Frederick County’s nine-member redistricting commission spent its inaugural meeting this week electing a chair and co-chair and being briefed on its responsibilities — and how the pandemic has made them more difficult — by county elections leaders.
At the Winchester Hall meeting, the commission elected James Racheff (D), president of DMS Health Technologies and adjunct professor at Hood College and Mount St. Mary’s University, as chair. Bud Otis, politically unaffiliated, who served as the County Council’s first president, will be vice chair.
The commission comprises three Republican and three Democratic members, named to the council by the parties’ respective state central committees, and three unaffiliated members.
The Redistricting Commission will rely on data from the most recent census to review and, if necessary based on population change, redraw the county council’s districts.

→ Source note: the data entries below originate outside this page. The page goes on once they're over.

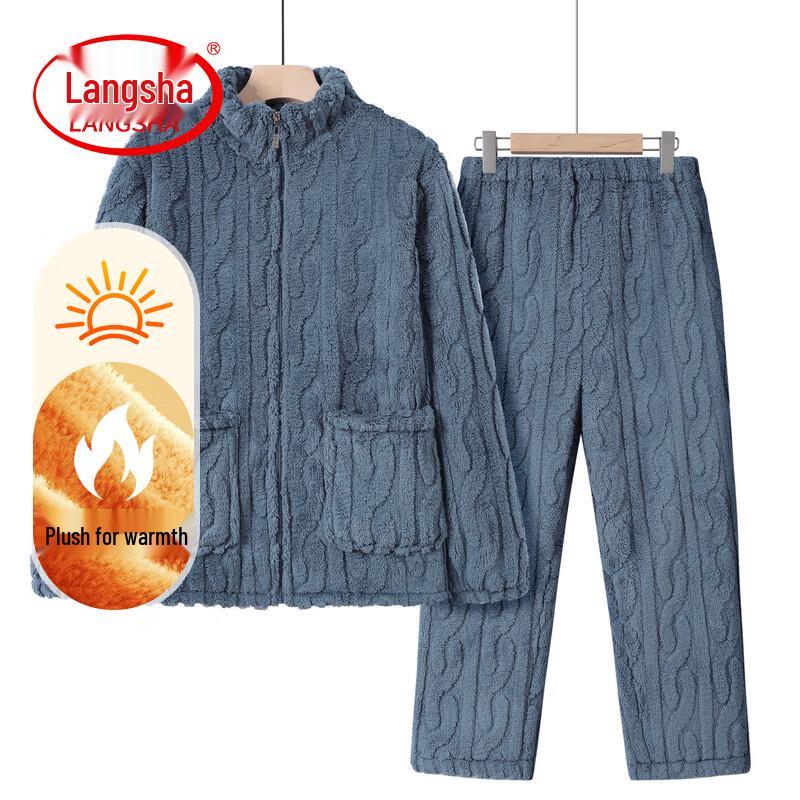 LangSha Women s Winter Warm Home Pajama Set 3XL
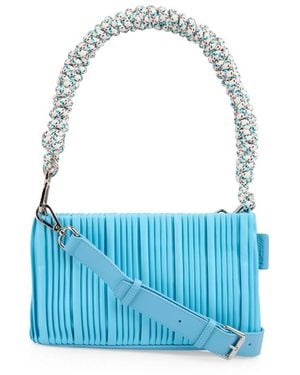 Marc Cain Schultertasche Aus Kunstleder - Blau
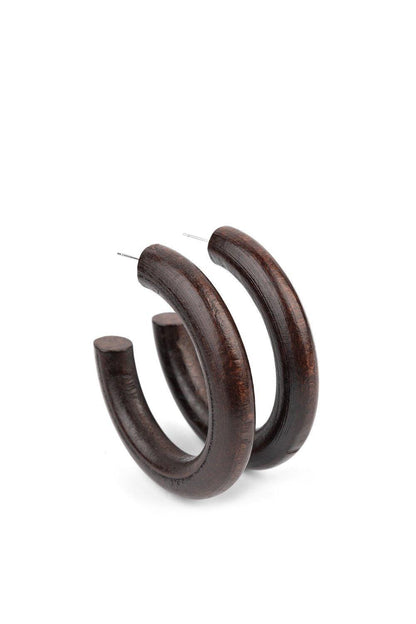 Paparazzi Accessories-Woodsy Wonder - Brown Earrings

Under normal circumstances, census data would’ve been available in April, but the pandemic delayed data collection and processing, county Election Director Stuart Harvey said at Wednesday’s meeting.
Consequently, raw data won’t be available to state officials until August, Harvey said, and the commission won’t have access to the information it needs to begin its work until September.
The commission’s final report is due to the council Nov. 9, Council President M.C. Keegan-Ayer said Wednesday, and the council has set Nov. 30 as the day for public input on the commission’s report.
The County Council has until Feb. 15 to vote on the plan, County Attorney Byron Black said Wednesday.
The county’s charter requires the council to form a Redistricting Commission every 10 years, following the census.
The charter stipulates that districts must be “compact, contiguous, substantially equal in population and have common interests as a result of geography, occupation, history or existing political boundaries.”
Districts 1 and 2, in the southwestern and southeastern parts of the county, have seen the most population growth since the first council was elected in 2014. That came after the county changed its form of government and moved from the five-member board of county commissioners to the seven-member County Council.
Councilman Jerry Donald (D) currently represents District 1, while Councilman Steve McKay (R) serves District 2.
The Redistricting Commission will know its next meeting date within the next few weeks, County Council Chief of Staff Ragen Cherney said. The body will assemble its meeting calendar at their next meeting.
In addition to Racheff and Otis, the commission’s members are Kyle Bostian, Ryan Yamagata, Blaine Young Jr., Dylan Diggs, John Distel, Flor De Maria Garay and Mark Jafari.